■ Extracted information ■
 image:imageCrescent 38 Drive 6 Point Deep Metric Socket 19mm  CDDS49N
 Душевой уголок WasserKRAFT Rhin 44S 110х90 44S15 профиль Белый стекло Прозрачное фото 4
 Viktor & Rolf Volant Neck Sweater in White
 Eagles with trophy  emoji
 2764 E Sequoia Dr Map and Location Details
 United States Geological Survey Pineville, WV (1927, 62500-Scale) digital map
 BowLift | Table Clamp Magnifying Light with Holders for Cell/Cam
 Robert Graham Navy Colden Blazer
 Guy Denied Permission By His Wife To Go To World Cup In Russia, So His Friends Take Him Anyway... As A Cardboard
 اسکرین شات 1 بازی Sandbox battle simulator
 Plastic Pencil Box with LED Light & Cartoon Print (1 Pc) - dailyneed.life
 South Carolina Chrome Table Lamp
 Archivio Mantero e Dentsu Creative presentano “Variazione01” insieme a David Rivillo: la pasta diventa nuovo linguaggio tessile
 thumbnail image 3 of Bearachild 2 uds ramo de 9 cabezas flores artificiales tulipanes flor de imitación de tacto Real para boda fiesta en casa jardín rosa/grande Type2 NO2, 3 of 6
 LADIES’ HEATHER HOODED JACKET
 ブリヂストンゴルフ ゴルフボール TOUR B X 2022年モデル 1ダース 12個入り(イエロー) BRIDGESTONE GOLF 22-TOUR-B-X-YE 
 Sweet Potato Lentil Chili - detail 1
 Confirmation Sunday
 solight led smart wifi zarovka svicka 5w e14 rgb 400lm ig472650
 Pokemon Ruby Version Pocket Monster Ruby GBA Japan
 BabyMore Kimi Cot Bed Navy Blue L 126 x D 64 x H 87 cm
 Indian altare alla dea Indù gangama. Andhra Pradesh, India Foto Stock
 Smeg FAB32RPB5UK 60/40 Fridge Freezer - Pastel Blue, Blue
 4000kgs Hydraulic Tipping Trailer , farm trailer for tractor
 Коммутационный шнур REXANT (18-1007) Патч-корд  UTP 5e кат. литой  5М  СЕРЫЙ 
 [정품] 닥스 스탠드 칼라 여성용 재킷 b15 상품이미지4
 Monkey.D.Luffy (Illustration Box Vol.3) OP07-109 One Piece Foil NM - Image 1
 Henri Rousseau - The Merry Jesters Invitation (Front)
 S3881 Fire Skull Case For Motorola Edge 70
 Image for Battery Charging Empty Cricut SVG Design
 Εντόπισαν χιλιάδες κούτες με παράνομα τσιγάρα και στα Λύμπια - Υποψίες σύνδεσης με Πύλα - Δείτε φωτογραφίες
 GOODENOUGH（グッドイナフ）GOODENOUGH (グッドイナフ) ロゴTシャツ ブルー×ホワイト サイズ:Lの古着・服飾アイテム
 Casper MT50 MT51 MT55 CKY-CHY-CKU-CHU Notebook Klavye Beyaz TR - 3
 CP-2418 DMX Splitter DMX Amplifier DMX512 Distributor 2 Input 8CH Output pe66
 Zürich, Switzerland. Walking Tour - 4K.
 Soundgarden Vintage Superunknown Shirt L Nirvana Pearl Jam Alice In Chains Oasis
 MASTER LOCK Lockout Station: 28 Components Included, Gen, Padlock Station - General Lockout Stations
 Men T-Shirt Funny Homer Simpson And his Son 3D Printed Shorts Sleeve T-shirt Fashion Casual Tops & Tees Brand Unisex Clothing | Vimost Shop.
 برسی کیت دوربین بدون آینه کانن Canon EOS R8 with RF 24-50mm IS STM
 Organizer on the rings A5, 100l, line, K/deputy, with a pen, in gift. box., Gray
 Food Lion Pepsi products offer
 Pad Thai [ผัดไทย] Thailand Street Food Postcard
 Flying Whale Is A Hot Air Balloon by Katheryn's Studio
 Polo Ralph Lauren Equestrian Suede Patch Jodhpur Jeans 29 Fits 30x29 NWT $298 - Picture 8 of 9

■ Exercise prompt ■
Scan the lines above for the word "with". Return each one that has it.

■ Result for this task ■
 Eagles with trophy  emoji
 BowLift | Table Clamp Magnifying Light with Holders for Cell/Cam
 Plastic Pencil Box with LED Light & Cartoon Print (1 Pc) - dailyneed.life
 برسی کیت دوربین بدون آینه کانن Canon EOS R8 with RF 24-50mm IS STM
 Organizer on the rings A5, 100l, line, K/deputy, with a pen, in gift. box., Gray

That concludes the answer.